Annette Lareau

Annette Lareau's picture
Professor of Sociology; Stanley I. Sheerr Professor in the Social Sciences
University of Pennsylvania
How does social stratification have an impact on life chances? Americans believe in the power of the individual to shape his or her life prospects. In my research, I have sought to unpack how social structural forces do, and do not, shape crucial aspects of daily life. My book, Unequal Childhoods: Class, Race, and Family Life is based on participant-observation of a total of twelve white and African-American families with children in third and fourth grade. The work suggests that all parents want their children to be healthy and happy. Middle-class parents, however, see their children as a project.
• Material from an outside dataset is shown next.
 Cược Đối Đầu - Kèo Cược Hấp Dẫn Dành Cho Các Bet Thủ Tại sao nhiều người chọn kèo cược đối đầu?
They seek to develop their talents and skills through a series of organized activities, through an intensive process of reasoning and language development, and through close supervision of their experiences in school. By contrast, working-class and poor families work hard to feed, clothe, and protect their children. But they also presume that their children will spontaneously grow and thrive. Thus the children “hang out” by watching television and playing with cousins rather than being in organized activities, are given directives rather than being engaged in reasoning, and are given independence in schools and other institutions. Although African-American families live in racially segregated neighborhoods and experience racial discrimination in employment, in the kinds of child rearing practices examined in this study, the white and African-American upper-middle-class are extremely similar in their child rearing practices. There is a significant difference between the working-class and middle-class African-American families. In my current project, with Elliot Weininger, I am studying how parents with young children decide where to live. I am interested in the role that school does, and does not, play in neighborhood decisions. This study involves visits to schools in the suburbs of a large Northeastern city as well as interviews with parents of young children.